El olor del dinero

Todos los cínicos que se han paseado por este pobre mundo, singularmente los que han cultivado con pasión el aura de triunfadores, han alardeado de que «el dinero no huele». Acostumbrados a que el abuso, del poder o de la influencia, les sea rentable, han hecho suyo, casi como primera afirmación de un credo diabólico, el viejo adagio romano pecunia non olet, que al parecer puso en circulación el emperador Vespasiano en el siglo I de nuestra era. Este príncipe llegó a ser la máxima expresión del pragmatismo político y financiero. Ante la necesidad de nutrir holgadamente las arcas del Imperio, impuso una tasa a la orina que vertían las letrinas romanas a la Cloaca Máxima, la red pública de alcantarillado de Roma. La razón del gravamen era que el alto contenido en amoníaco de la orina convertía a ésta en un bien muy apreciado por los curtidores de pieles y por los negocios de lavandería, sobre todo en la limpieza y blanqueo de las togas. Estos dos grupos de artesanos tuvieron que cargar con el tributo.

El historiador Suetonio, en su fascinante Vida de los Césares, relata que Tito, hijo de Vespasiano, recriminó a éste por atreverse a gravar ese vil producto fecal. El padre, acercándole a la nariz una moneda de oro, le preguntó si olía. Tito lo negó y Vespasiano le informó que procedía de su discutida tasa.

El dinero, ese valor en cambio que, como decían los clásicos, ordena los flujos económicos en la casa y en la república, no es prescindible. Ni en la Utopía de Tomás Moro, por mucho que éste ironizara sobre el menosprecio de los metales preciosos, ni en la más oscura pesadilla comunista, el dinero tiene una alternativa real. Como reconoce Richard Marius, biógrafo del gran humanista inglés, éste consideraba el dinero como «la única garantía de ocupar un lugar en la sociedad».

Sin embargo, no todo el dinero vale, moral y socialmente, lo mismo. Recordemos con Antonio Machado la necedad de confundir valor y precio. No tiene, por tanto, igual legitimidad social el dinero mal ganado, en atajos indignos o en usuras leoninas, que el dinero honradamente obtenido, el que no es fruto de agiotajes o abusos inconfesables, sino del empleo inteligente del propio esfuerzo o de la libre asunción de riesgos.
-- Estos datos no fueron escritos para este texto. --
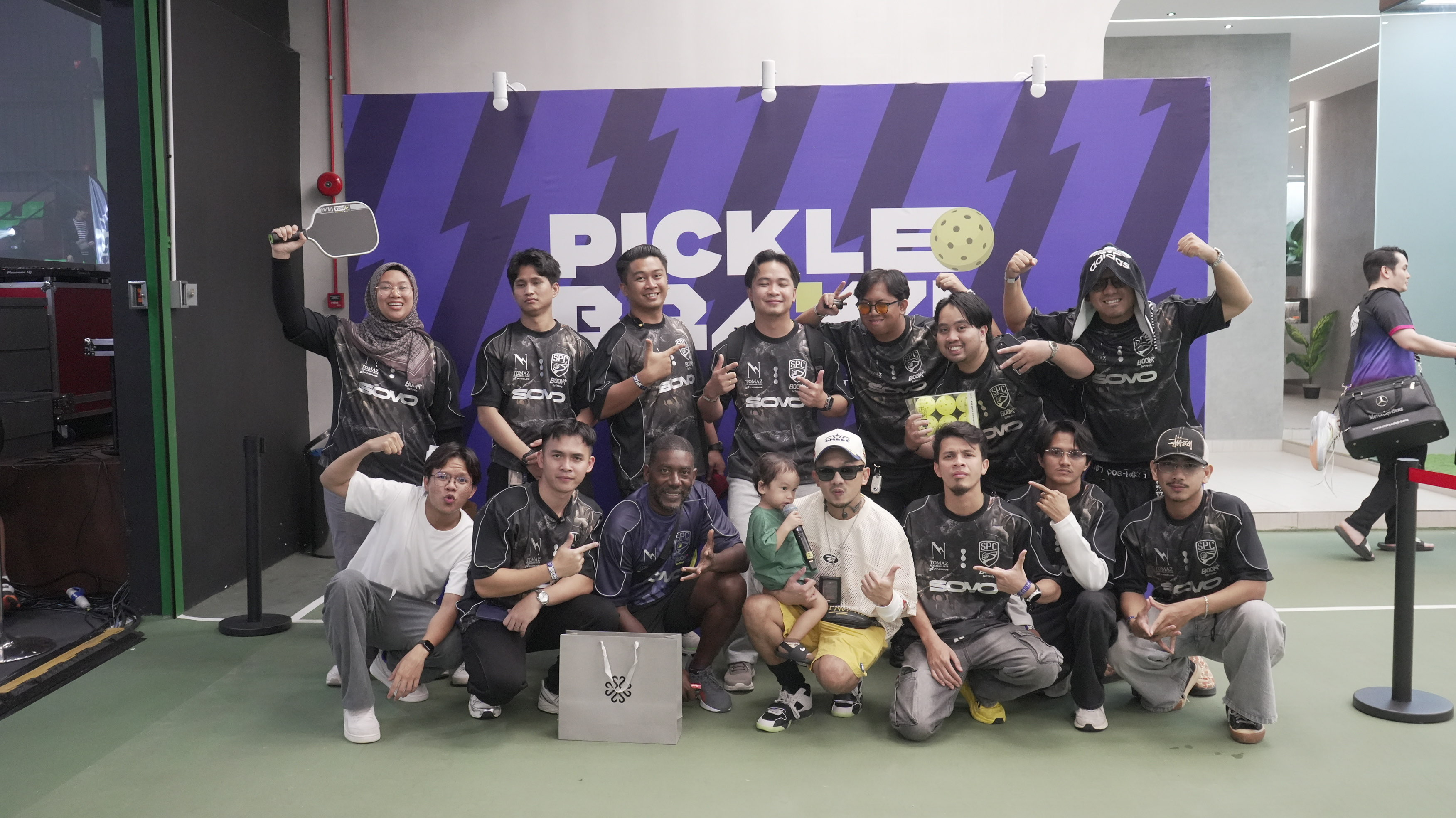 Picklebrawl group posing together in front of the purple event backdrop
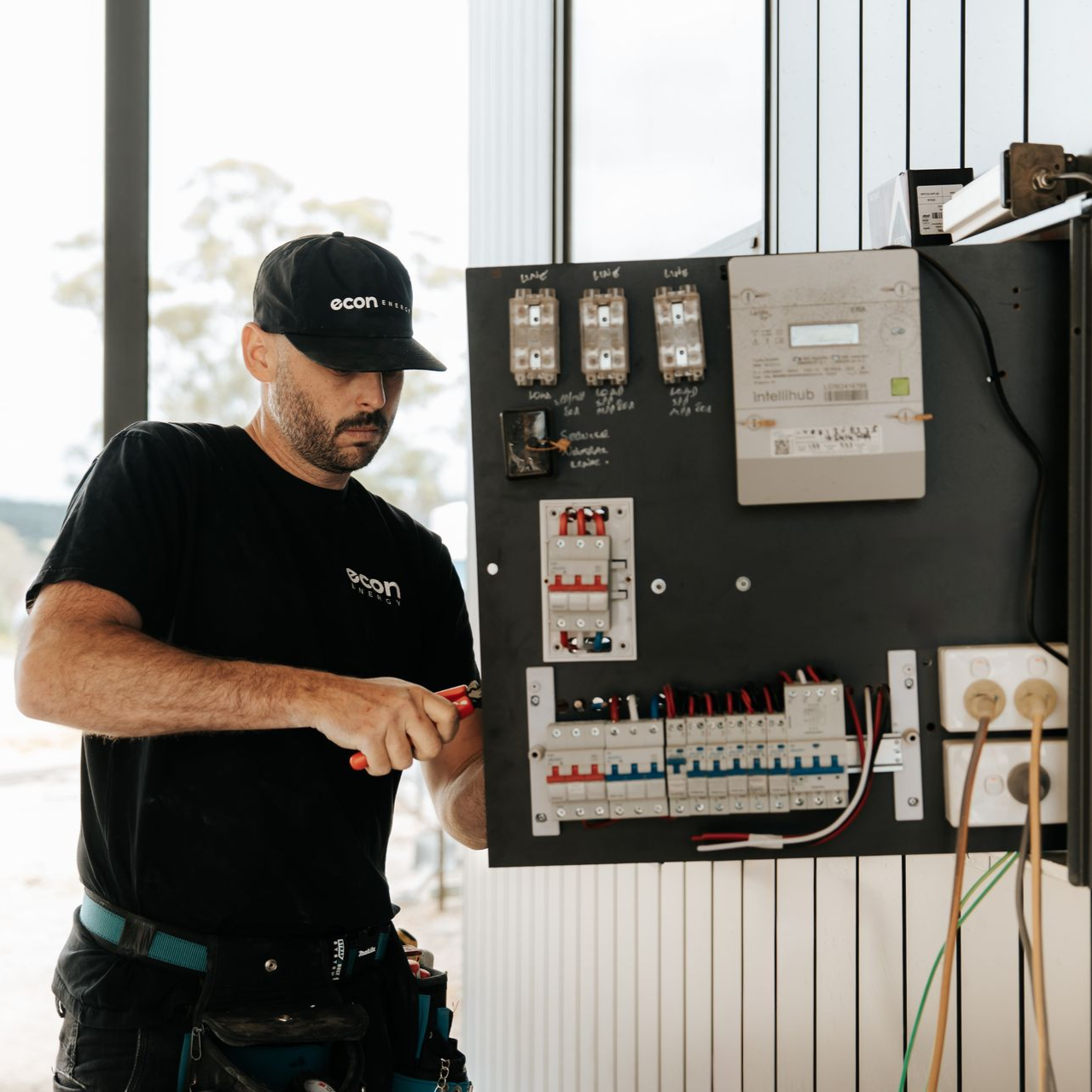 Electrician using pliers on wires in a circuit breaker panel.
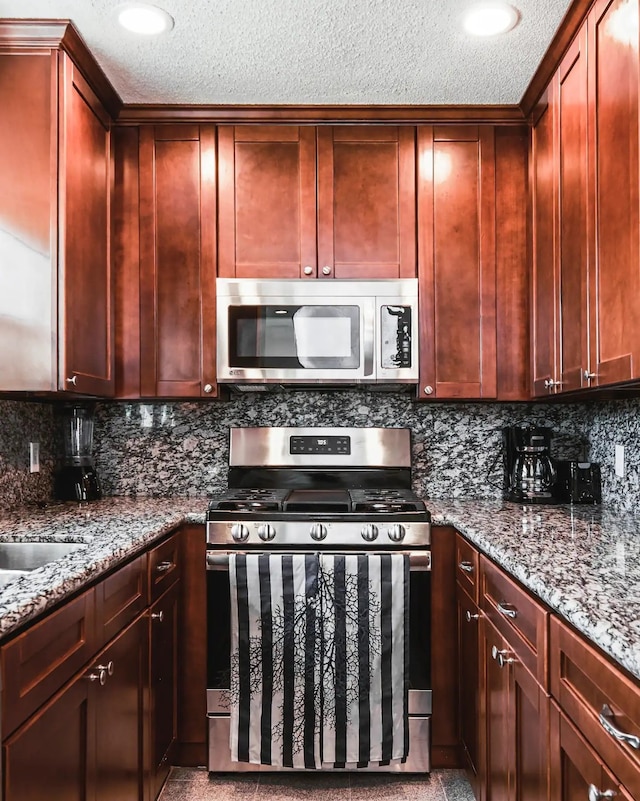 kitchen featuring decorative backsplash, stone counters, stainless steel appliances, and a textured ceiling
Por ello, en una crisis como la que atravesamos, con su dimensión y grado de pobreza e incertidumbre, es ineludible la pregunta: ¿se puede permanecer indiferente ante la evidencia de enriquecimientos escandalosos, que no guardan relación con un mérito y un esfuerzo acreditados? En una sociedad lúcida y decente no huele el metal que circula, pero sí los bienes en que se convierte, o incluso aquellos que se pretenden y, por ser ajenos al comercio, no pueden adquirirse. Así les ocurre a quienes, sabiendo que la amistad o el amor no se compran, intentan alquilarlos y acaban desprendiendo, en sus personas y en sus actos, un tufillo a local cerrado, como el de las viejas Casas de Banca en los folletines por entregas de hace un siglo. En ocasiones, apestan, como letrinas en las que se amontona el «estiércol de Satanás», en limpia expresión moral que rechaza el culto a Amón o al becerro de oro; dioses falsos, que no pasan de ser ídolos abominables.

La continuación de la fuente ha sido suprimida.